* STORED DATA
=-=-=

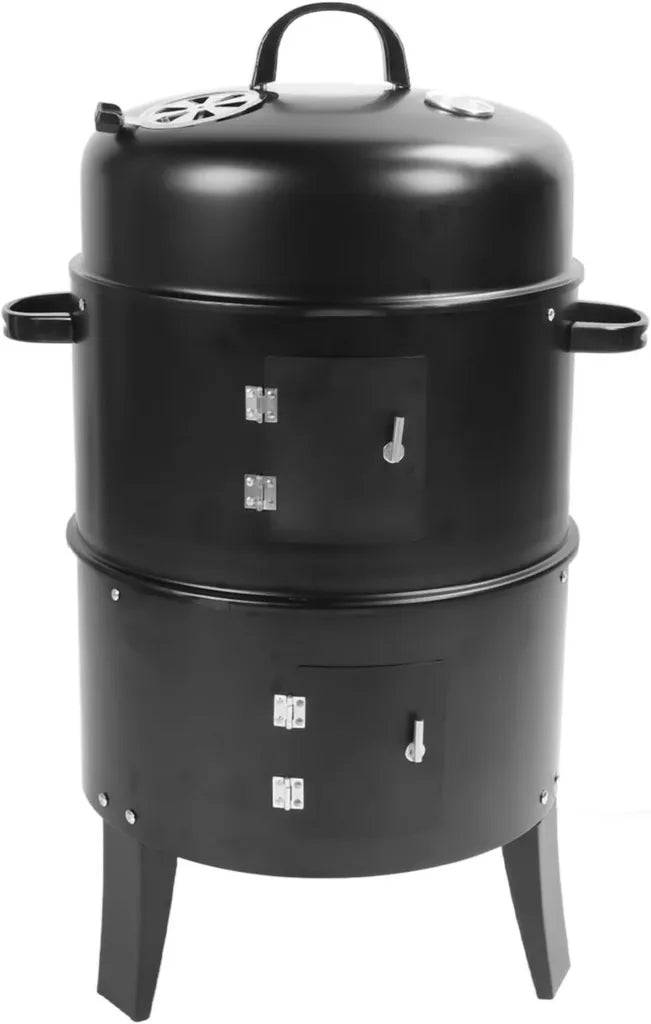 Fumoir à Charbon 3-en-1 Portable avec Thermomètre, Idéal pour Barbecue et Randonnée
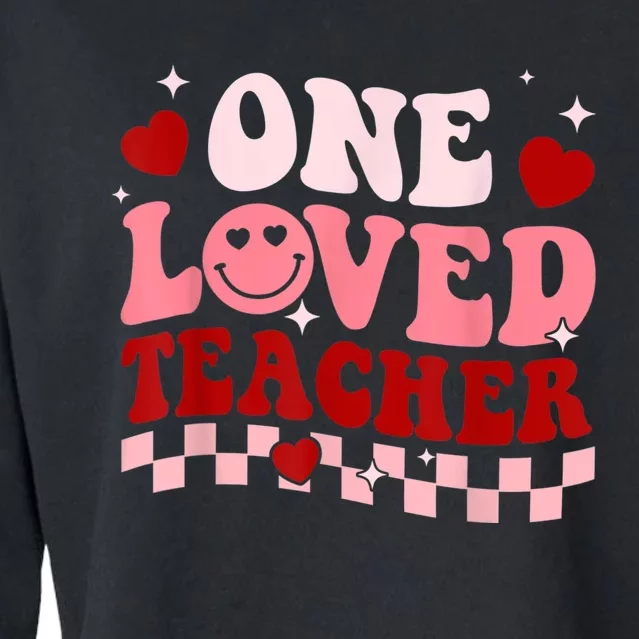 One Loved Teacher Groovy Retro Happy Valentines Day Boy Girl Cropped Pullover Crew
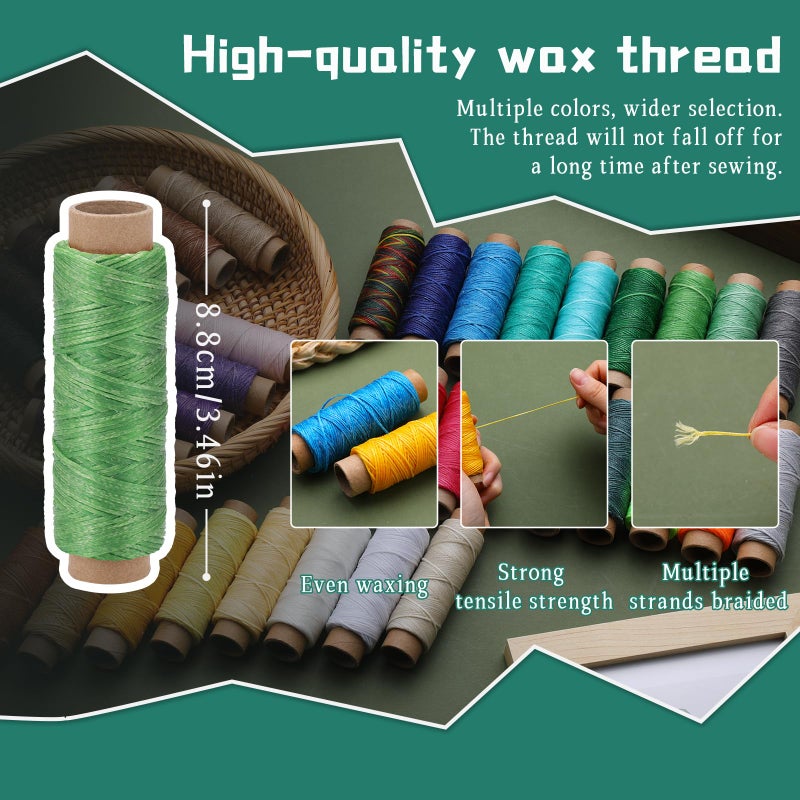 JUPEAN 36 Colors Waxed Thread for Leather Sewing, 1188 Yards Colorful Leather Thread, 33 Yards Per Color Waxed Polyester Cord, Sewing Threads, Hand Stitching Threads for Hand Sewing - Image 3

=-=-=

* REQUIREMENT
The material above holds pictures; copy everything else in it exactly.

* RESPONSE TO THE EXERCISE
 Fumoir à Charbon 3-en-1 Portable avec Thermomètre, Idéal pour Barbecue et Randonnée
 One Loved Teacher Groovy Retro Happy Valentines Day Boy Girl Cropped Pullover Crew
 JUPEAN 36 Colors Waxed Thread for Leather Sewing, 1188 Yards Colorful Leather Thread, 33 Yards Per Color Waxed Polyester Cord, Sewing Threads, Hand Stitching Threads for Hand Sewing - Image 3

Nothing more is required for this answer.